# What is expected:
In the listing that follows, locate the line containing "18K Gold Blue" and the line containing "Maison à SAINT-LAURENT-DES-COMBES". Retype exactly those two lines and every line between them, and nothing more.
Supplied entries Block Start
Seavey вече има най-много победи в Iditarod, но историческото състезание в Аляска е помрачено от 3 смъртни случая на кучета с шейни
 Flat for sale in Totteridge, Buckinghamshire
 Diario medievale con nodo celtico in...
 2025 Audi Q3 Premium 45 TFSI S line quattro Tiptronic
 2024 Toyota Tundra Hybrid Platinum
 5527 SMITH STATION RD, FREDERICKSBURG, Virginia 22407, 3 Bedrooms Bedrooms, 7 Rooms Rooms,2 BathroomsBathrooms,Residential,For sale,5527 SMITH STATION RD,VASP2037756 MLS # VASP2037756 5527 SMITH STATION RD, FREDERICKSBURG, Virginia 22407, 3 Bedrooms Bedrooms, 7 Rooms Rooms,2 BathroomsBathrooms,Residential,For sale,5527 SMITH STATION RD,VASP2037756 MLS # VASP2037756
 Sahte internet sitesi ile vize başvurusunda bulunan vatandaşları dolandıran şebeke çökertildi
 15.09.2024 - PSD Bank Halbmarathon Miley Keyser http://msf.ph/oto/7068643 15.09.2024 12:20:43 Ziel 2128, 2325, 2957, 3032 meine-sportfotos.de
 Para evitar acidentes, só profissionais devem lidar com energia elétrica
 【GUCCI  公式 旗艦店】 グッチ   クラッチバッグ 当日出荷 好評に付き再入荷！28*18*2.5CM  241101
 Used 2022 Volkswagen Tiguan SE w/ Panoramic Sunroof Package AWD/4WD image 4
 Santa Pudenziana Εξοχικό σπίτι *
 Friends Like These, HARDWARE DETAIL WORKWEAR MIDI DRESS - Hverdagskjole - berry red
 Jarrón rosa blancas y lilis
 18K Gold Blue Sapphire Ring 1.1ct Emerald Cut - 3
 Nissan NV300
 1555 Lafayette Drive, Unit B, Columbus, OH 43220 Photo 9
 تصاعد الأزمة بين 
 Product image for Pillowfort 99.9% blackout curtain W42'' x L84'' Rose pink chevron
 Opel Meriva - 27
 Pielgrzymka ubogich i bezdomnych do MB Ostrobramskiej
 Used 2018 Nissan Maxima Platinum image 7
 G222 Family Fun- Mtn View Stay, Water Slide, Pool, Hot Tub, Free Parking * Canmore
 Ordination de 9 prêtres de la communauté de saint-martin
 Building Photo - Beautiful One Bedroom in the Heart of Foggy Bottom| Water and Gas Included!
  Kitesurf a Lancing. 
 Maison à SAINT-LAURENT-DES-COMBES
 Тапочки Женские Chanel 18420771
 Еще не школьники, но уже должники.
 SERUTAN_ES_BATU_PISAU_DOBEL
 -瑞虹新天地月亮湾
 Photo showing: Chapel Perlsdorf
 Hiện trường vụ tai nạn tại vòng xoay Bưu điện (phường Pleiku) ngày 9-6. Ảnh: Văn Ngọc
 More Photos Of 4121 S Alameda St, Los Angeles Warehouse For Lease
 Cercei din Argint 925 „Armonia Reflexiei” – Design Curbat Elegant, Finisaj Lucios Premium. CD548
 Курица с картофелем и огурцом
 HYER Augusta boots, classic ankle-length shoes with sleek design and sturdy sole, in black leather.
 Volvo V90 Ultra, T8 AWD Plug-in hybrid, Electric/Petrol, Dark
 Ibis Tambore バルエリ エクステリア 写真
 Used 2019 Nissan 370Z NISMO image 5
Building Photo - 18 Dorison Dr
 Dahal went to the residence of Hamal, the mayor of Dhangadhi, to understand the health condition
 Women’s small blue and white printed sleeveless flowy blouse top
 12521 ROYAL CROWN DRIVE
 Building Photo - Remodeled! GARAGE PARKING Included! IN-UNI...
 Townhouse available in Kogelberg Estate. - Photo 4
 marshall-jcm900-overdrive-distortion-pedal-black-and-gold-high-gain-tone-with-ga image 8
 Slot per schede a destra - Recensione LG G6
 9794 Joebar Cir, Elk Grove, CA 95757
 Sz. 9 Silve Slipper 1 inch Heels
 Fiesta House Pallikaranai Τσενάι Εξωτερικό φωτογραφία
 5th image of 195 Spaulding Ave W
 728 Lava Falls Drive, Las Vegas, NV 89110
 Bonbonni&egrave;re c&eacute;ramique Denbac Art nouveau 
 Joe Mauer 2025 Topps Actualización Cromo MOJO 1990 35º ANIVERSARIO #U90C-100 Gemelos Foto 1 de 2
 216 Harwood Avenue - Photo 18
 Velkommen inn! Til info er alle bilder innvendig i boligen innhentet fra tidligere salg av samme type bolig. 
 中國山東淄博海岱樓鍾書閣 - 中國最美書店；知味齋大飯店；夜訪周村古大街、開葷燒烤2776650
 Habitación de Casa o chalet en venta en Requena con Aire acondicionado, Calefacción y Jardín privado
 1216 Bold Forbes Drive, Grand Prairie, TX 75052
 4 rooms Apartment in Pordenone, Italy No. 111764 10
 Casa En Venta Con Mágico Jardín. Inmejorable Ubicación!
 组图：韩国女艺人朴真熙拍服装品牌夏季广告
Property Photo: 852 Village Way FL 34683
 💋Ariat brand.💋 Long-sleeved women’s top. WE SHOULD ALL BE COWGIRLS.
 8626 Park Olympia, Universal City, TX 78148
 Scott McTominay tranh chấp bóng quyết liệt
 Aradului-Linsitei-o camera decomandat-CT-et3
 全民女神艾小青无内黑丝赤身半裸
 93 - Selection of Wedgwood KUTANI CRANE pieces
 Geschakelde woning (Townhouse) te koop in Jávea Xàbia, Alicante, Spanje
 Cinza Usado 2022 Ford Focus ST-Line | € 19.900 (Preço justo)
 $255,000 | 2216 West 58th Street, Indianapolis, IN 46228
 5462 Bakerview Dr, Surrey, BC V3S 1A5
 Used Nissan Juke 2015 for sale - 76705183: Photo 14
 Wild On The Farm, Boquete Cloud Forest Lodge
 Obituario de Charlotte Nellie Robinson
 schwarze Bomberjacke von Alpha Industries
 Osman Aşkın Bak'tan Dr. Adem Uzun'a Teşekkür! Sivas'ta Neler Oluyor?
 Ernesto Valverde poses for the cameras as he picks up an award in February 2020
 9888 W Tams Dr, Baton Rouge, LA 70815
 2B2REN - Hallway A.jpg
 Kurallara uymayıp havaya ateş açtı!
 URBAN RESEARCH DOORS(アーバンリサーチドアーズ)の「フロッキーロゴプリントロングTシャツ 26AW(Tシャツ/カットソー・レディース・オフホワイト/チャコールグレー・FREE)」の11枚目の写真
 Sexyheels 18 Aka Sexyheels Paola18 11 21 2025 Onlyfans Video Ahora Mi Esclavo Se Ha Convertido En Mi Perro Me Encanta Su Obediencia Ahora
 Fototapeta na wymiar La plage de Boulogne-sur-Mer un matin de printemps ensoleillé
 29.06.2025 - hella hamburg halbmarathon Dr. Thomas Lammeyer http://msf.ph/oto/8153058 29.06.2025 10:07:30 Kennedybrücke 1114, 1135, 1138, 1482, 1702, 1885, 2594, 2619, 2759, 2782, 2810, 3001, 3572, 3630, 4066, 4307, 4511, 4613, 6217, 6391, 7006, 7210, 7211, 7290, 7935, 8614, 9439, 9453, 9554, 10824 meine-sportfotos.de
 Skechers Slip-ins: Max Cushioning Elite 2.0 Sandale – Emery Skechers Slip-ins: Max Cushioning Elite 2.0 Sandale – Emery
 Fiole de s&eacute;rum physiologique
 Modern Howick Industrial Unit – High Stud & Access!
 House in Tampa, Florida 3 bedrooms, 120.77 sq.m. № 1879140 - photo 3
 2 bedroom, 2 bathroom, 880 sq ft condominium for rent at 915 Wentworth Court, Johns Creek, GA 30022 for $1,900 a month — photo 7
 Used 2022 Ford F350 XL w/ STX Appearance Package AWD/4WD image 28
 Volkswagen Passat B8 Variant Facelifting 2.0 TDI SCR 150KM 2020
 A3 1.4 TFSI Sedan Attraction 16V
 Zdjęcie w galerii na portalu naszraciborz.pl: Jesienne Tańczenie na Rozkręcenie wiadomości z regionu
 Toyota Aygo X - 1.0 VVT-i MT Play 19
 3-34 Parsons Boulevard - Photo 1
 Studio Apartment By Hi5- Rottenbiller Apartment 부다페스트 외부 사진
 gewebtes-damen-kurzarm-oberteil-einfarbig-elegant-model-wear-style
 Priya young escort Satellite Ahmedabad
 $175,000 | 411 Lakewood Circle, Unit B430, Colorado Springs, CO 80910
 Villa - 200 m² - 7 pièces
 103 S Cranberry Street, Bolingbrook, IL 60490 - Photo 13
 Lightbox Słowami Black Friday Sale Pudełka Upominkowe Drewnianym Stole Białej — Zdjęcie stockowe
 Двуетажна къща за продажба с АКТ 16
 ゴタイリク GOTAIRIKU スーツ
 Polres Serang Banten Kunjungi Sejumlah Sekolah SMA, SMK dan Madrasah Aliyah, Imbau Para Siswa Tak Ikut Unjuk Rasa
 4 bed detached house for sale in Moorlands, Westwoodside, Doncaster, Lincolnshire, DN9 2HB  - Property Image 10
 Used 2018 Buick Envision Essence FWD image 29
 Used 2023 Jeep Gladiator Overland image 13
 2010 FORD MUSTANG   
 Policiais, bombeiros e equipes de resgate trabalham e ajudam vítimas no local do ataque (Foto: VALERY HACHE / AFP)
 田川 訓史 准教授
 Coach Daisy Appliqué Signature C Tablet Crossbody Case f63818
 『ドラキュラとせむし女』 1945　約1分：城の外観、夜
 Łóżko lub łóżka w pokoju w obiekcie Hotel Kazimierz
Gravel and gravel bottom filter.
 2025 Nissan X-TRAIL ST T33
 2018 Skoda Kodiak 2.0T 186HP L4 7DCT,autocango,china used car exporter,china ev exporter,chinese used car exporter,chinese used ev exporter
Supplied entries Block End
# Solved problem:
 18K Gold Blue Sapphire Ring 1.1ct Emerald Cut - 3
 Nissan NV300
 1555 Lafayette Drive, Unit B, Columbus, OH 43220 Photo 9
 تصاعد الأزمة بين 
 Product image for Pillowfort 99.9% blackout curtain W42'' x L84'' Rose pink chevron
 Opel Meriva - 27
 Pielgrzymka ubogich i bezdomnych do MB Ostrobramskiej
 Used 2018 Nissan Maxima Platinum image 7
 G222 Family Fun- Mtn View Stay, Water Slide, Pool, Hot Tub, Free Parking * Canmore
 Ordination de 9 prêtres de la communauté de saint-martin
 Building Photo - Beautiful One Bedroom in the Heart of Foggy Bottom| Water and Gas Included!
  Kitesurf a Lancing. 
 Maison à SAINT-LAURENT-DES-COMBES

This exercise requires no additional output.